Ella se incorporó un poco, con la sábana natural de su propio cabello deslizándose por su espalda. Estaba desnuda. Pero no se cubrió. Porque ya no sentía pudor. Ni con él ni con nadie.
—¿Qué haces aquí? —preguntó, genuinamente sorprendida—. No debías venir…
—Tenía que hacerlo —dijo él, y en su voz había esperanza todavía—. Tenía que decírtelo cara a cara. Que te amo. Que no me importa lo que hayas hecho aquí. Podemos irnos. A la aldea, o más allá. A donde quieras. Pero no te quedes, María… por favor.
María lo miró largo. Sus ojos eran suaves. Tiernos. Pero había algo nuevo detrás: una profundidad que él no entendía.
Ella alzó la mano y le acarició la mejilla, lento, como si lo despidiera sin querer.
Y luego, en un impulso de recuerdo, de nostalgia, de humanidad que aún latía, le ofreció los labios.
Lo besó.
Fue breve, triste. Hermoso.
Pero cuando se separaron, la distancia entre ellos ya no era física. Era abismal.
—No puedo irme, Narel. Mi lugar ya no está allá. Ni en la aldea. Ni en ninguna parte del mundo que conocimos.
Él tragó saliva. Su respiración se volvió temblorosa.
—¿Por qué? —le dijo, con la voz quebrada—. ¿Por qué no puedes elegirme a mí? ¿Acaso no te basta con saber que te amo de verdad? ¿Que moriría por ti, sin pedir nada a cambio?

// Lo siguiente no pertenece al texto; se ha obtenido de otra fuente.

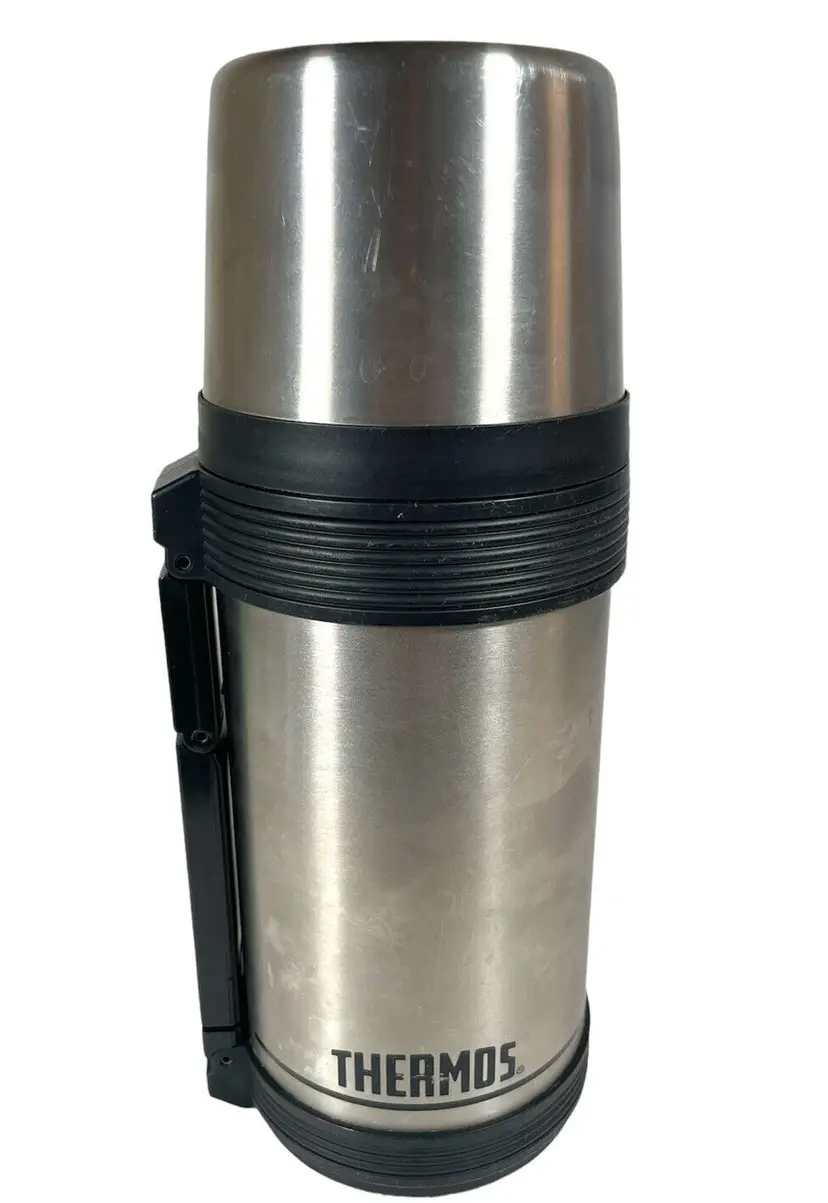 VINTAGE THERMOS SILVER AND BLACK WITH HANDLE HOT & COOL LIQUIDS & CUP 0.75L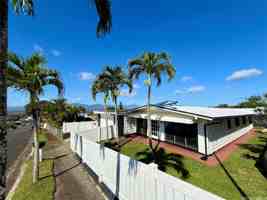 featured image of 2422 Anihinihi St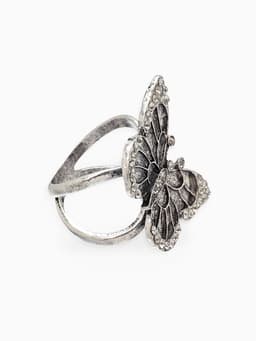 Кольцо для платка «Бабочка», белое в чернёном серебре
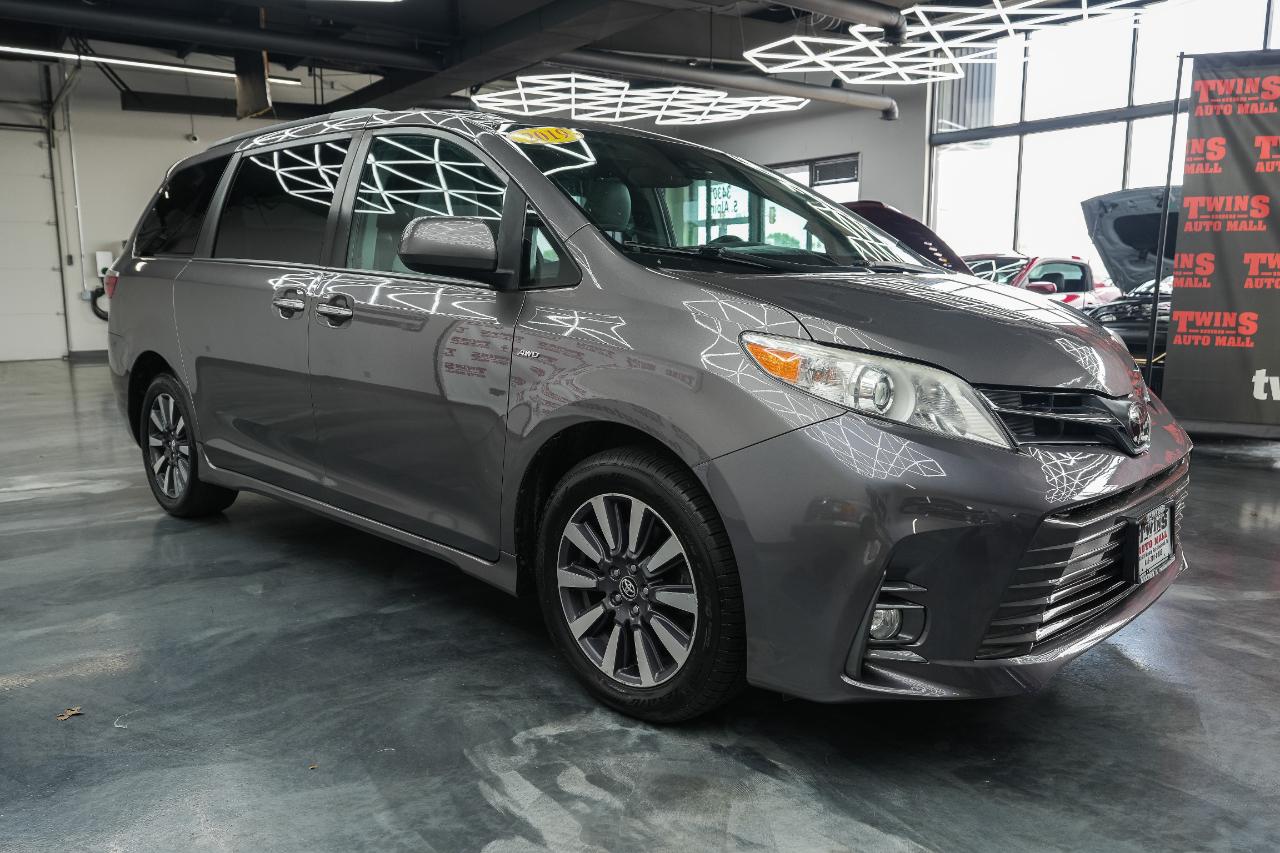 Toyota Sienna XLE 7-Passenger AWD 2020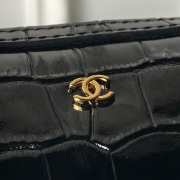 Uubags Chanel bag with chain in black croc embossed calfskin leather with gold-tone hardware 19x12x9cm - 2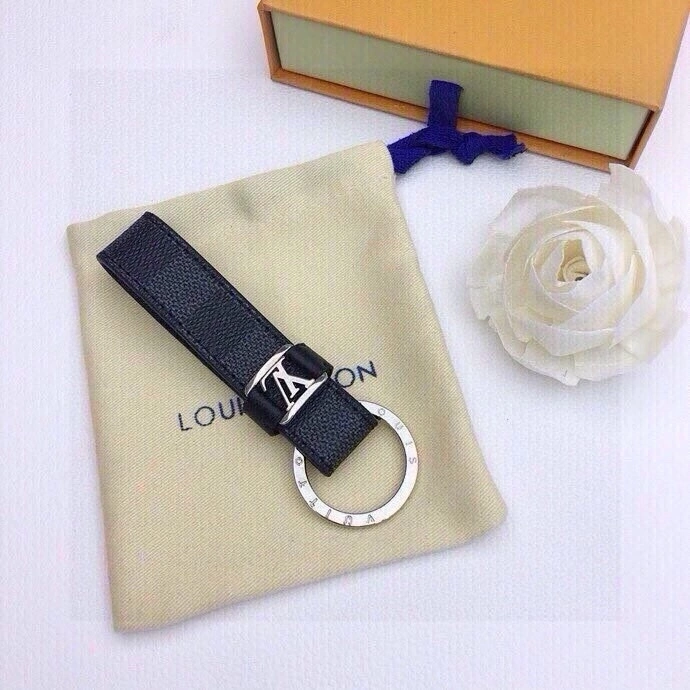 Versatile Louis Vuitton Keychains 266379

Ella le tomó las manos, con dulzura.
—Lo sé. Y eso me duele más que cualquier castigo. Pero… no es cuestión de amor. Es algo más profundo. Más oscuro.

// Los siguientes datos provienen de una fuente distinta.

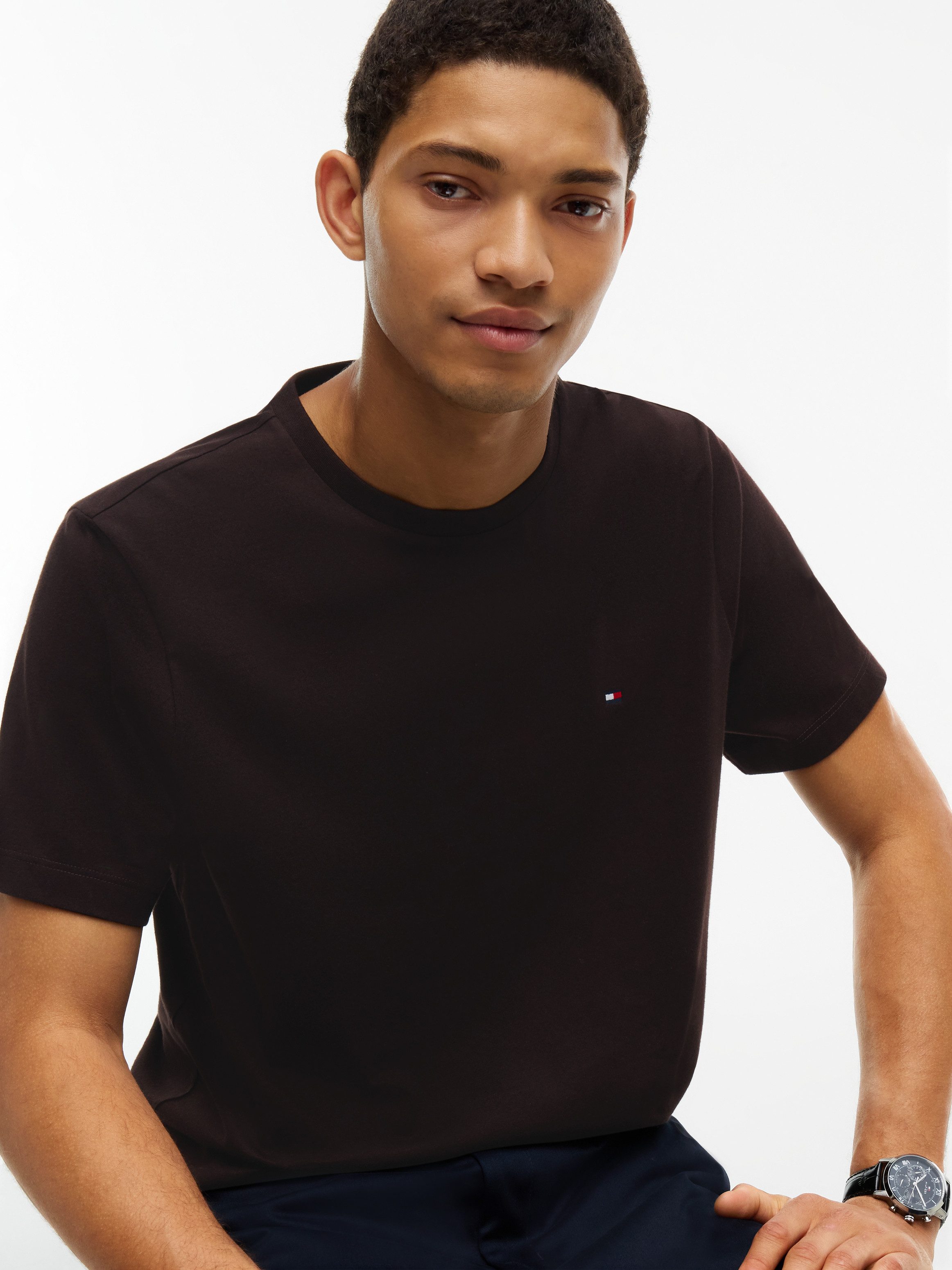 Tommy Hilfiger T-Shirt ESSENTIAL REGULAR FIT SOLID mit Stickerei unifarben, casual, Baumwolle, Rundhals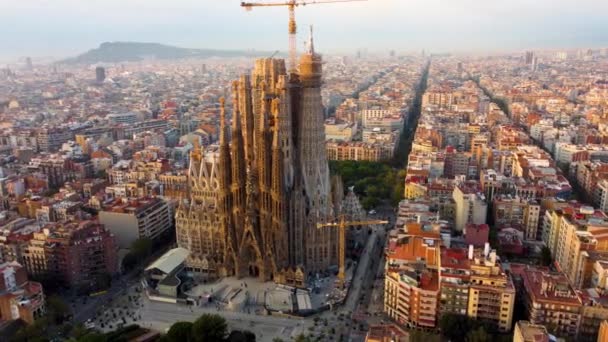 Temple Expiatori La Sagrada Familia w Barcelonie, Katalonia, Hiszpania. — Wideo stockowe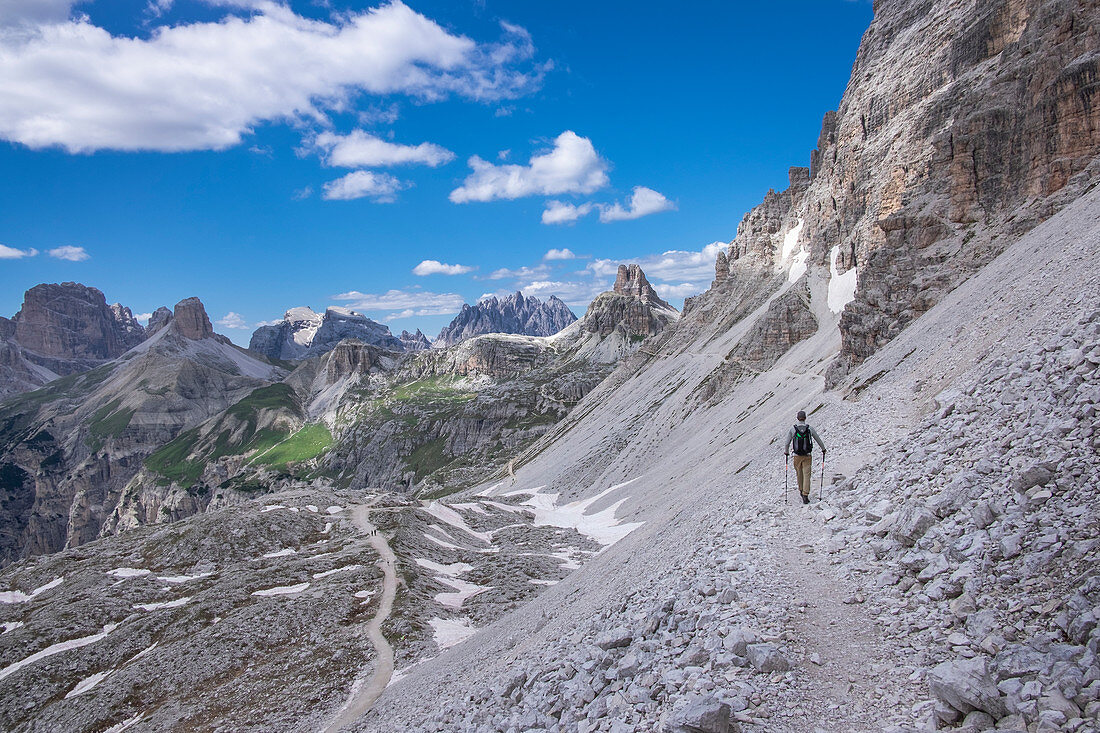 Mann beim Wandern unterhalb des Paternkofels an den Drei Zinnen im Naturpark der Dolomiten, Südtirol\n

—¿Qué puede ser más fuerte que el amor? —dijo él, entre sollozos—. ¿Qué puede arrancarte de mí así?
Ella lo miró a los ojos. Y por primera vez, no lo hizo con culpa. Lo hizo con certeza.
—El placer, Narel. El placer que habita en la carne como una verdad que no necesita promesas. El que no se suplica. El que se impone. Ézgal me tomó, sí... pero también me abrió algo que no sabía que existía en mí.
—¡Pero yo podría hacerte sentir cosas! —gritó él, con rabia contenida—. ¡Podría aprender! ¡Podría darte todo lo que él te da, pero sin ser un demonio! ¡Con amor, María!
Ella negó con la cabeza, suave. Sin soberbia. Como quien consuela a un niño que aún no entiende cómo funciona el fuego.
—No, Narel. No puedes. Ningún hombre puede. Porque lo que él da no es solo gozo. Es una transformación. Un abismo que arde por dentro. Y ya soy parte de él. De su poder. De su cuerpo. De su sombra.
Él temblaba. Apretaba los puños. Y aún así, la miraba con adoración rota.
—¿Y eso te basta?
Ella asintió.
—No me basta. Me consume. Me llena. Me libera.
—¿Y yo…? —preguntó él, apenas un susurro—. ¿Qué soy ahora para ti?
Ella suspiró. Y no fue cruel.
—Eres mi pasado. Mi recuerdo más hermoso. Y la única parte de mí que aún sangra.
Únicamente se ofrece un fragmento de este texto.